Simon said that he's confident that Williams will be lining up on the opposite side of him on the defensive line come fall.

"I see Nate every day and he's working extremely hard, a couple hours a day every day in that rehab room to get back as fast as he can, Simon said. "He'll be back very soon, and we're looking forward to it."

Fresh Faces

One thing that has changed since the media last had a chance to speak with the Buckeyes is that all of the 2012 recruiting class is now on campus. The Ohio State seniors have been especially impressed with this year's class, with Simon singling out defensive end Noah Spence as a player who has joined him for 6 a.m. workouts.

"When they come and work out with us, they're so enthusiastic about football," Simon said. "They're ready for college football. They want to take that next step and we're watching a lot of film with the young guys, trying to teach them little things here and there. As seniors on the d-line, myself and Garrett Goebel, I think we've done an alright job."

Like Simon, Sabino has also been impressed by the freshmen in his position group, although he mentioned that it's hard to single out any of the new OSU linebackers just yet.

"It's hard to say that one jumps out at me. I think they all bring something different to the table," Sabino said. "I think the potential in that room is, in my opinion, it may be better than it's ever been. But potential can only take you so far."

That School Up North

With players and coaches from all of the Big Ten schools in just one room, it was only natural that Ohio State players were asked about their rivals at Michigan, and vice-versa.

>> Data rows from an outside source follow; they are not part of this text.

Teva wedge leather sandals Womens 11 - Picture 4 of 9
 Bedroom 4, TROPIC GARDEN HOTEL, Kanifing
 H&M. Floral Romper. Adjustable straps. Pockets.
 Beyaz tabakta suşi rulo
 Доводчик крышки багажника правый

And if the players' responses to such questions are any indication, the addition of Meyer to OSU has done nothing been add fuel to the rivalry's fire.

"You get fired up for that game every year, and it's always the last game on your schedule," Simon said. "When you play Michigan, it's always going to be a dog fight for 60-plus minutes, and this year we're looking forward to the challenge."

Two of the current faces of the rivalry- Meyer and Michigan quarterback Denard Robinson- have a preexisting relationship due to Meyer's attempt at recruiting the Deerfield Beach, Fla. native while serving as the head coach at Florida.

"I almost committed to him, so what do you think?" Robinson said when asked of his impressions of Meyer. "He's alright."